Department of Mechanical Engineering, University of California Merced, 5200 North Lake Road, Merced, California 95343, United States.
J Chem Inf Model. 2024 Apr 8;64(7):2760-2774. doi: 10.1021/acs.jcim.3c00231. Epub 2023 Aug 15.
Machine learning-based predictive models allow rapid and reliable prediction of material properties and facilitate innovative materials design. Base oils used in the formulation of lubricant products are complex hydrocarbons of varying sizes and structure.
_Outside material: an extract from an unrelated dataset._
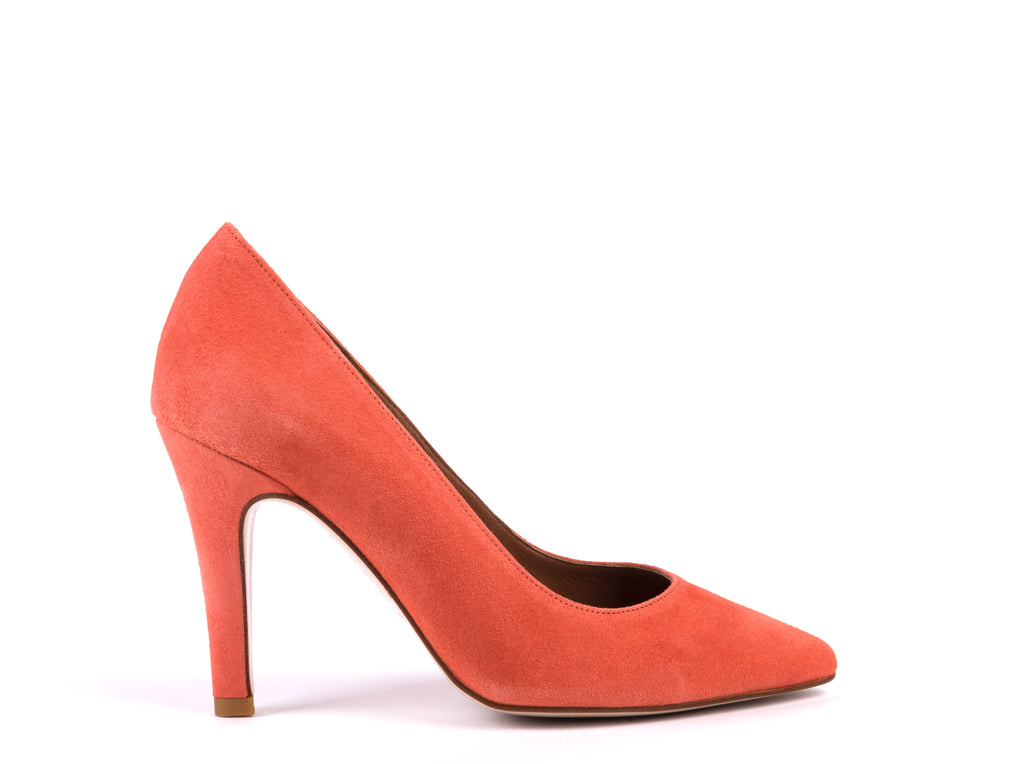 High heeled coral suede shoes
This study developed Gaussian process regression-based models to accurately predict the temperature-dependent density and dynamic viscosity of 305 complex hydrocarbons. In our approach, strongly correlated/collinear predictors were trimmed, important predictors were selected by least absolute shrinkage and selection operator (LASSO) regularization and prior domain knowledge, hyperparameters were systematically optimized by Bayesian optimization, and the models were interpreted. The approach provided versatile and quantitative structure-property relationship (QSPR) models with relatively simple predictors for determining the dynamic viscosity and density of complex hydrocarbons at any temperature. In addition, we developed molecular dynamics simulation-based descriptors and evaluated the feasibility and versatility of dynamic descriptors from simulations for predicting the material properties. It was found that the models developed using a comparably smaller pool of dynamic descriptors performed similarly in predicting density and viscosity to models based on many more static descriptors. The best models were shown to predict density and dynamic viscosity with coefficient of determination () values of 99.6% and 97.7%, respectively, for all data sets, including a test data set of 45 molecules. Finally, partial dependency plots (PDPs), individual conditional expectation (ICE) plots, local interpretable model-agnostic explanation (LIME) values, and trimmed model values were used to identify the most important static and dynamic predictors of the density and viscosity.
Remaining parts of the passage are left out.